One in particular is something I've been thinking about and refining for a while now [3]. In this approach, persistence objects remain extremely thin, and business logic is encapsulated in lots of very simple objects known as “services” and “policies”.

Also, keep in mind that the services do not normally call each other (they could in theory, but that would be even more awkward), so instead of having message exchange between models you have duplicated code in services or have to use inheritance. Ruby is object oriented so sure there are message calls further down, it doesn't make the framework object oriented on the logical level.

Only if you're conflating domain objects with persistence objects.

Must you go as far as to refer to a hypothetical reality just to win an argument ;) ? That's how Rails works, that's what the examples show, I am not referring to what is possible in theory, but to what the framework does and the most reasonable possible way of using it. Honestly one more level of indirection would make this look completely ridiculous.

They're statically dispatched on a constant name, not on a class. If you need polymorphism at that point, it's trivial to define a dynamic service resolver - all you need is something with a #new method assigned to the constant to do whatever late binding you want.

Ehm, no? You cannot just define a "new" method returning whatever you want neither in a module nor in a class in Ruby. You would have to overwrite the initialization methods that are usually hidden from the user. Passing a constant name is almost equivalent to passing a class.

  module Foo
    def new
      5
    end
  end

  puts Foo.new.inspect
  # undefined method `new' for Foo:Module (NoMethodError)

  class Bar
    def new
      5
    end
  end

  puts Bar.new.inspect
  # #<Bar:0xa146324>
> Must you go as far as to refer to a hypothetical reality just to win an argument ;) ? That's how Rails works, that's what the examples show, I am not referring to what is possible in theory, but to what the framework does and the most reasonable possible way of using it.

Eh? The sentence you quoted explains that putting domain logic in the persistence objects is precisely what objectify avoids. I do't see any examples of domain logic as separate from persistence logic at all in the examples, so I'm not sure where you're getting the idea that the framework encourages it from. If you're that tied to "how Rails works", why are we even discussing this? Objectify exists to change the way Rails works, because the way Rails works is broken.

> Ehm, no?

Ehm, yes.

    class MyFunkyResolver
      def new
        5
      end
    end

    Foo = MyFunkyResolver.new
    p Foo.new
    # 5
Eh? The sentence you quoted explains that putting domain logic in the persistence objects is precisely what objectify avoids. I do't see any examples of domain logic as separate from persistence logic at all in the examples, so I'm not sure where you're getting the idea that the framework encourages it from.
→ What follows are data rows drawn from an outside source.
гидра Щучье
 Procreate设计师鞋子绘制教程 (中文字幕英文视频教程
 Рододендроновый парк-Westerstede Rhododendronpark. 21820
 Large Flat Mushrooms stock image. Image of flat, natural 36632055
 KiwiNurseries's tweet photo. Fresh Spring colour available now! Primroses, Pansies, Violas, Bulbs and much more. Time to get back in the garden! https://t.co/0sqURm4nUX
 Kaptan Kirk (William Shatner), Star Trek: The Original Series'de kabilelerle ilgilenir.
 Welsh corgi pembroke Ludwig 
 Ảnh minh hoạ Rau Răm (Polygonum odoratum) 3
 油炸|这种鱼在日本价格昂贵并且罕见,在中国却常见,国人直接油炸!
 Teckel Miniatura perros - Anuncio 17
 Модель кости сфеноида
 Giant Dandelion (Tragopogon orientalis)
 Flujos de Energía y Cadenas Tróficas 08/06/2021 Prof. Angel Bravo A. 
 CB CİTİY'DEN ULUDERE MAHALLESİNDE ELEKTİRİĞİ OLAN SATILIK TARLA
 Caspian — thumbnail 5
If you're that tied to "how Rails works", why are we even discussing this? Objectify exists to change the way Rails works, because the way Rails works is broken.

I don't understand what you are trying to say. As far as I remember we are discussing here whether Objectify breaks encapsulation. In plain Rails you would have business logic together with persistence in a single class, and the data would be available to the external world only to the extent the business logic allows it. With Objectify all the data in the persistence objects has to be public for the services to be able to access it, and all the business logic is in many small services with only a single "call" method. Do you consider this to be good encapsulation? I am not tied to how Rails works, but I cannot judge all the possible ways of using Objectify, I can only judge what was presented/encouraged in examples and in the blog post and assume that you will use standard Rails practices in the rest of places, since it's in the end a Rails plugin and not a separate framework.

You are right regarding polymorphism.